In Central Alberta, this includes the Stettler Hospital and Care Centre, the Bashaw Care Centre and Sundre Hospital and Care Centre, the Consort Health Centre and the Coronation Health Centre.

Instead, Alberta Health Services will bring back working kitchens, something that was scrapped in 2009 to save money.

The reversal comes two months after the Alberta Union of Provincial Employees released its short documentary, Tough To Shallow: Meals That Sparked A Seniors Revolt.

The 14-minute documentary highlighted the poor quality of food being served in long-term care facilities including the Stettler Hospital and Care Centre.

Jim Ellwood, 75, a resident at Heritage House in the Stettler Hospital and Care Centre, was featured in the documentary.

Ellwood said the 50 people who live in his home were overjoyed with the news.

“We’re all very happy about it,” said Ellwood. “The meals will taste a lot better, look a lot better and have a better aroma to them.”

Ellwood said he is looking forward to enjoying better cuts of beef, fish and pork.

He said he has another 10 years to live and now he believes he won’t have as much indigestion.

Guy Smith, AUPE president, said the union had been advocating for the change for several months.

He said the government made the right decision.

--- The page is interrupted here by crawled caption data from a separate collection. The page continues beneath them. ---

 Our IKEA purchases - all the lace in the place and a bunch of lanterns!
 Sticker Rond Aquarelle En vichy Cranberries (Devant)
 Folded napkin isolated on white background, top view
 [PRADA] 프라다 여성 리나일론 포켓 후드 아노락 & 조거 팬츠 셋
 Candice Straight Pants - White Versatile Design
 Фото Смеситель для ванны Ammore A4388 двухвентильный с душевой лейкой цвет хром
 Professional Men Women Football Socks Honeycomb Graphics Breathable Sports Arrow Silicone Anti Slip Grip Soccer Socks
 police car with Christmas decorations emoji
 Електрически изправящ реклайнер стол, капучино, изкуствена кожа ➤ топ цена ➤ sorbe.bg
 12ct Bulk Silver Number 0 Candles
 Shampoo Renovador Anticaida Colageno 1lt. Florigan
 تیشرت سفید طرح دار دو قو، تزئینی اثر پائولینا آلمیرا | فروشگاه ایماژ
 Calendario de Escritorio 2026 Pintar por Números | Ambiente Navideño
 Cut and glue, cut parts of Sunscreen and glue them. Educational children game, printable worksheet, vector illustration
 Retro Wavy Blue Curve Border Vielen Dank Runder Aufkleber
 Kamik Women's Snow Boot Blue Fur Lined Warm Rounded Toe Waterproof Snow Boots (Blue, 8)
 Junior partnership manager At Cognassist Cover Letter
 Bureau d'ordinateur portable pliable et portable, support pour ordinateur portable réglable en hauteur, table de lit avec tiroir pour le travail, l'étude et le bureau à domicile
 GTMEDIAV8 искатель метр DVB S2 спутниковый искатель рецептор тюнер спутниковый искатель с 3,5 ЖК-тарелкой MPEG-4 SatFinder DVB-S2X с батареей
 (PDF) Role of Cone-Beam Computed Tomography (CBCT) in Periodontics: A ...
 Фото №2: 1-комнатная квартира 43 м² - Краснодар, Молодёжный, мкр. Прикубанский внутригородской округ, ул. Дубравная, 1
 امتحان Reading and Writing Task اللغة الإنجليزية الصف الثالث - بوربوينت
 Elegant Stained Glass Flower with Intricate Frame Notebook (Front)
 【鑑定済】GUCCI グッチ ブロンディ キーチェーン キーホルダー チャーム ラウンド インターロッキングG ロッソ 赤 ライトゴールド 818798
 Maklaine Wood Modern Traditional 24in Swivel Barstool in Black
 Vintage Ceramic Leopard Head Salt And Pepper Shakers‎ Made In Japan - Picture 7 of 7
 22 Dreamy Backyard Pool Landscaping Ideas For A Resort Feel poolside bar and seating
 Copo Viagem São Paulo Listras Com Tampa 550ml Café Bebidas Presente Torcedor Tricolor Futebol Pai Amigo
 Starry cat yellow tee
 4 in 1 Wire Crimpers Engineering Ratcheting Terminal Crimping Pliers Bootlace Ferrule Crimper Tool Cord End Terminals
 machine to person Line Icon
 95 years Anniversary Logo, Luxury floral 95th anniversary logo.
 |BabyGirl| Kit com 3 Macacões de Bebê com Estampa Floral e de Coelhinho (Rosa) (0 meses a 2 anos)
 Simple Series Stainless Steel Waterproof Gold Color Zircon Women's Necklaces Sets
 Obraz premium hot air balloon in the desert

He said their members in these facilities were providing the best care possible but just didn’t feel right about the type of food they were serving.

Likewise Kerry Towle, the Wildrose seniors critic and MLS for Innisfail-Sylvan Lake, said while this is a success for these 73 facilities, the fight is not over.

“I’m hoping the government will call an end to this practice of serving this food in any facility regardless of who it is serving,” said Towle. “They need to call for an end of it . . . If it’s not good for seniors then it really shouldn’t be served to anyone.”